Raman Dağı’nın ilk petrolcülerinden merhum Abdurrahman Durukal, Amerika’da eğitim gören ilk petrol mühendisi unvanını aldı. Türkiye Petrolleri kurulduktan sonra Raman’da işe başlayan diplomalı ilk petrolcü merhum Durukal, ABD yolculuğunu şöyle anlatıyor: “İkinci dünya savaşı çıkınca bizi ABD’ye göndermezler diye düşündük. Türkiye’de açılan son yurt dışı sınavını kazanan 12 kişi olarak ABD yolunu tuttuk. Grup içinde jeofizikçiler ve daha çok olarak da maden mühendisi vardı. Bir Rus gemisi ile İstanbul’dan Atina’ya gittik. 52 kişi Atina’da toplandık.

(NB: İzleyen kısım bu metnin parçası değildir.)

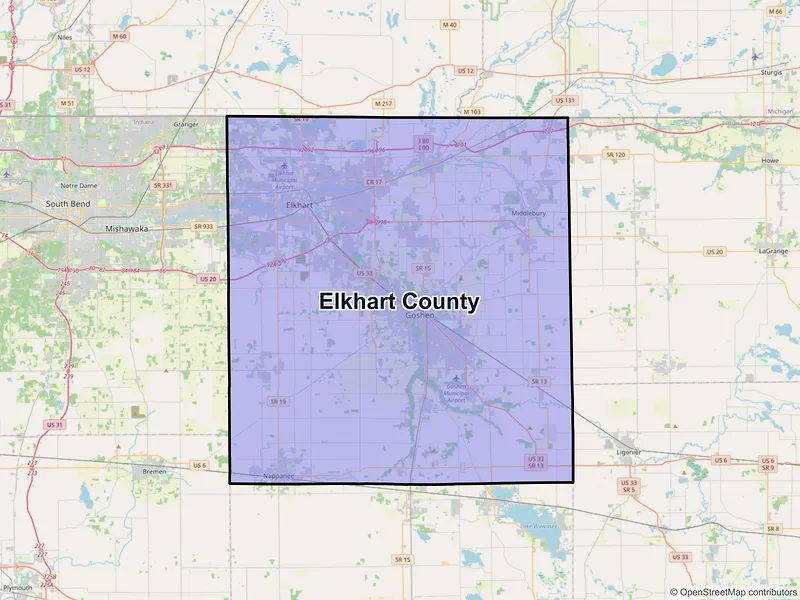 Map of Elkhart County, Indiana and ZIP codes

Bizi tam bir ay beklettiler. Atlantik’i geçmek çok tehlikeliydi. O zamanlar Yunanistan bandralı bir gemi ile 28 günde New York’a vardık. Herkes okuluna gitti. Ben Oklohama’ya, Hulusi Berilgen ise Teksas’a gitti. 1940 yılından itibaren Hulusi Berilgen ile üniversite hayatımız hep beraber geçti.”

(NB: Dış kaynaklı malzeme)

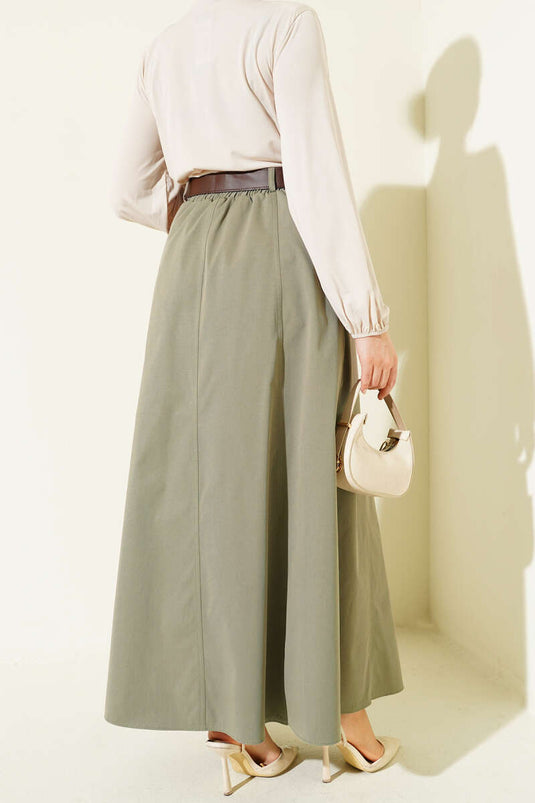 Buy Basic Flared Skirt with Elastic Waist in Pistachio Green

“DİCLE NEHRİNDEN SU ALIYORDUK”

Petrolün dağı Raman’da su hattı çalışmaları 1948 yılında başlamıştı. Dönemin köylüleri, balta, kürek ve kazmalarla su hattını Dicle nehrinden Raman’a çekmek için özveriyle çalışmıştı. O dönemler Raman’da çalışan Amerikalı gelin Anna Maria Malkoç, Raman dağını şöyle özetlemiş: “Musluklardan akan su cılızdı. Dicle nehrinden pompalanarak su geliyordu. Çok da tortu bırakıyordu. Rafineride çalışan bir kimyager, musluk sularının tortusuna rağmen komşu köyden eşeklerle taşınan içme suyundan daha sağlıklı olduğunu söylemişti. Lojmanda oturanlara günün her saatinde hizmet veren insanlar vardı. Bu bizim için bir lütuf, bir nimet gibiydi. Bizim hizmetlinin adı Yusuf’tu. Her türlü işi yapan bu insanlar, gün boyu bize hizmet etmek için hazır beklerdi. Yusuf her gün defalarca kovayla su taşıyarak balkona döker, böylece beton balkonu serinletirdi. Gözü sürekli kampın ortasında oynayan çocuklarda olurdu. Onları zehirli yılan, akrep ve çıyanlardan korurdu. Daha sonra Yusuf’u elinde hanımların yaptığı pasta-böreği taşıyan bir tepsiyle gazinodaki fırına koştuğunu görürdünüz.”

RAMAN’DA ÇAMAŞIRHANE VARDI

Tarih 20 Mayıs 1953. Anna Maria Malkoç, Raman dağındaki ortamın güzelliğine dikkat çekmeden edememiş. Bakın Malkoç’un Raman izlenimlerine; “Yaşantımız buranın şartlarına göre oldukça konforluydu.  Elektriğimiz, gaz sobamız, musluklarda sıcak suyumuz, bir banyomuz, kısa dalga bir radyomuz ve telefonumuz vardı. Eşim Selahattin, işi için çok önemli olan bu telefonla diğer kamplar ile Batman’daki rafineri yetkilileriyle konuşuyordu. Gazinoda toplanıyorduk, yemeklerimizi üç öğün burada yiyorduk. Çamaşırlarımız da buranın çamaşırhanesinde yıkanıyordu. Raman dağında çok güzel bir ortam vardı.”